Say you only had a certain amount of fertilizer to feed your plants.

You are old and one is disabled so you can only keep up a small garden.

What vegetable's would you grow to get the largest amount of nutrient's if this was all you had to eat? And the largest amount of food.


----------



## Meerkat

I think in the fall and winter here in Florida, I'd grow greens and onions.

In spring and summer tomatoe's,pepper's and squash.


----------



## ZoomZoom

Pound-for-pound it's hard to beat tomatoes.

If you don't mind viney plant growing out into surrounding areas, cucumbers, squash and maybe pumpkins.

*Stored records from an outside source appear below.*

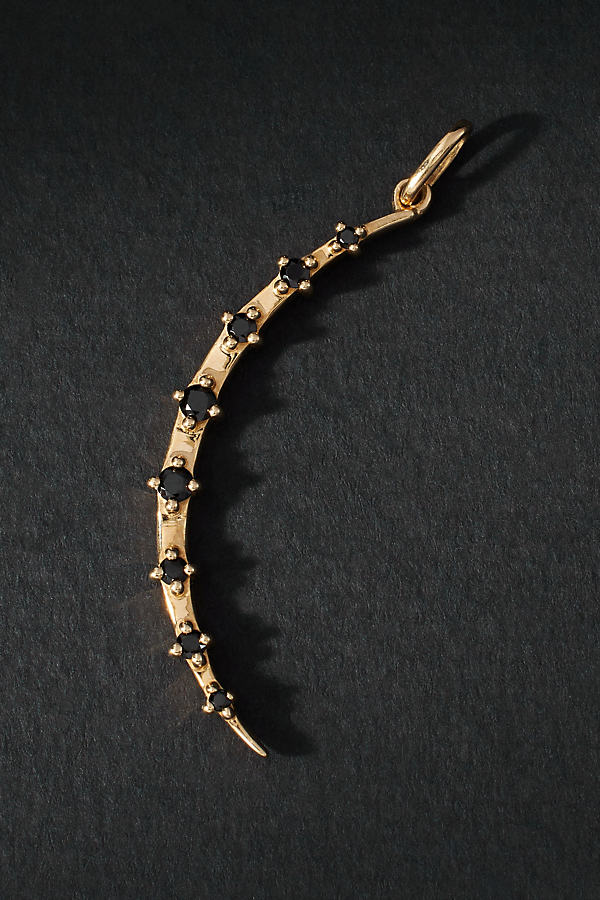 Rachel Reid Jewelry Black Spinel Crescent Moon Charm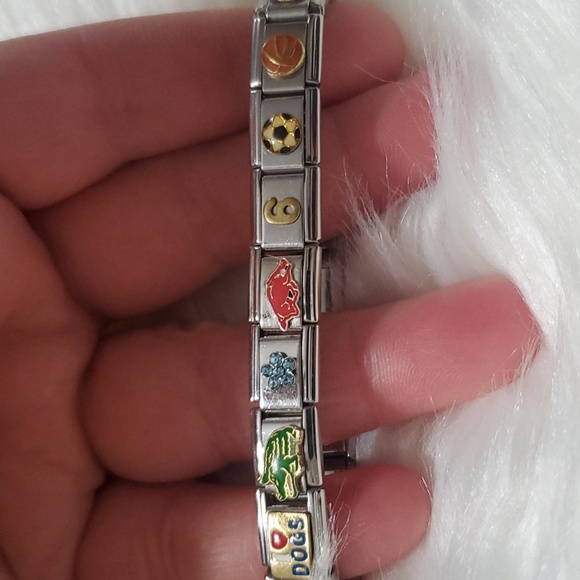 Italian Charm Set Of 2 Bracelets W/ One 18kt Gold Charm - Picture 4 of 9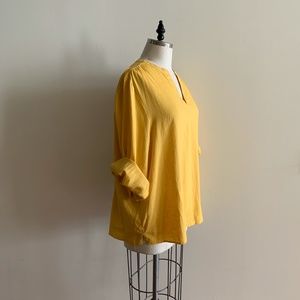 Old Navy XL Yellow V-Neck Peasant Shirt Blouse NWT
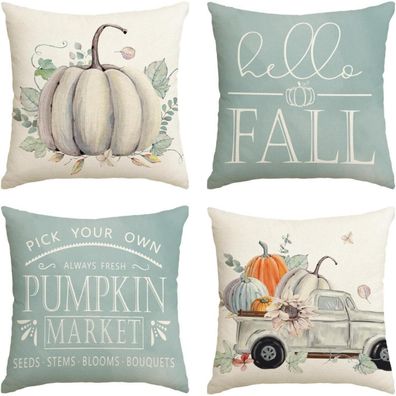 Herbst Kissenbezüge 4er Set Eukalyptus Blätter Kürbisse LKW 50x50 cm Blau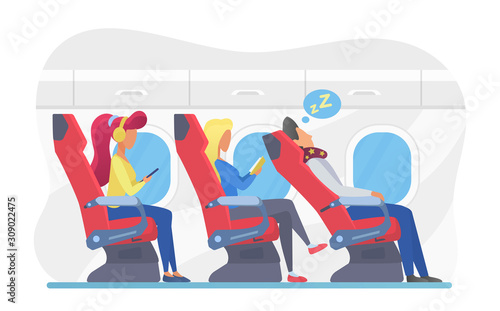 Airplane passengers in economy class flat vector illustration. Plane cabin interior with travellers sideview. Inside view of aircarft with sleeping and reading commuters. Airtravel concept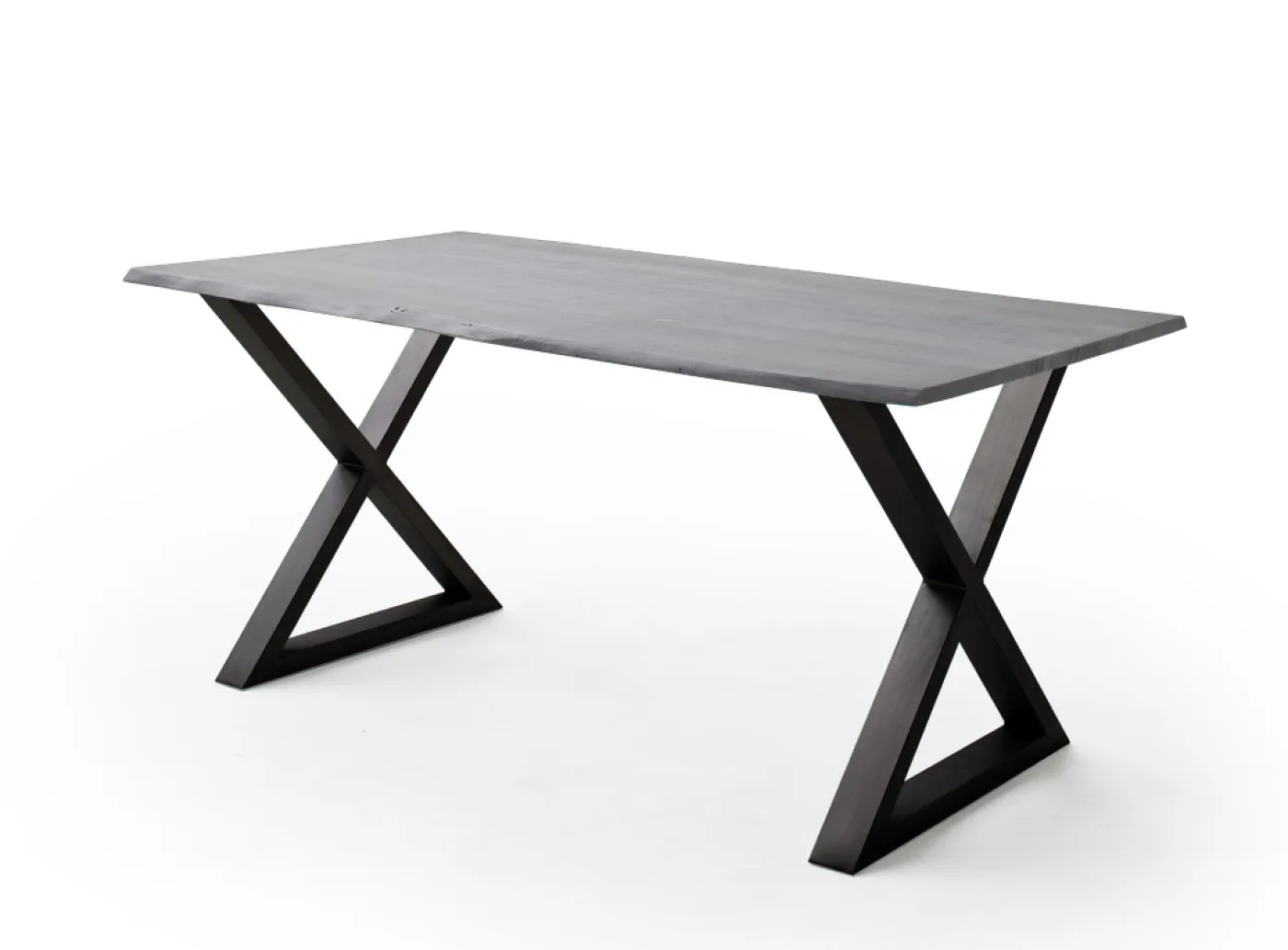 Esstisch Calabria | Akazie massiv | X-Gestell | 160/180/200/220/240 | grau / anthrazit | verschiedene Größen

I don't have a lot of experience with them (since they're so cheap to buy) but potatoes have been a staple for centuries.


----------



## Sparky_D

It really depends on your environment.

As much as I hate them, in the Pac Northwest, I would grow Zucchini and Squash. Great nutritional value and huge crops with minimal space. Tomatoes would be a number 2 as well as Green Beans and Peas.
Potatoes are a hit or miss as you have to wait until harvest to see what your yield is.


----------



## LincTex

Sparky_D said:


> It really depends on your environment.


And, It really depends on what kind of soil you have to work with. A lot.

I would be shooting for calories, honestly. 
I would avoid all "empty calorie" foods and go for starches and carbohydrates. Potatoes, pinto/navy beans, wheat and various oil crops (sunflower, etc) would be high on the list.

I would avoid corn, because most of the fertilizer you put in the ground goes to making huge green leaves and a stalk.... oh, and one ear of corn (which is tiny compared to the rest of the plant).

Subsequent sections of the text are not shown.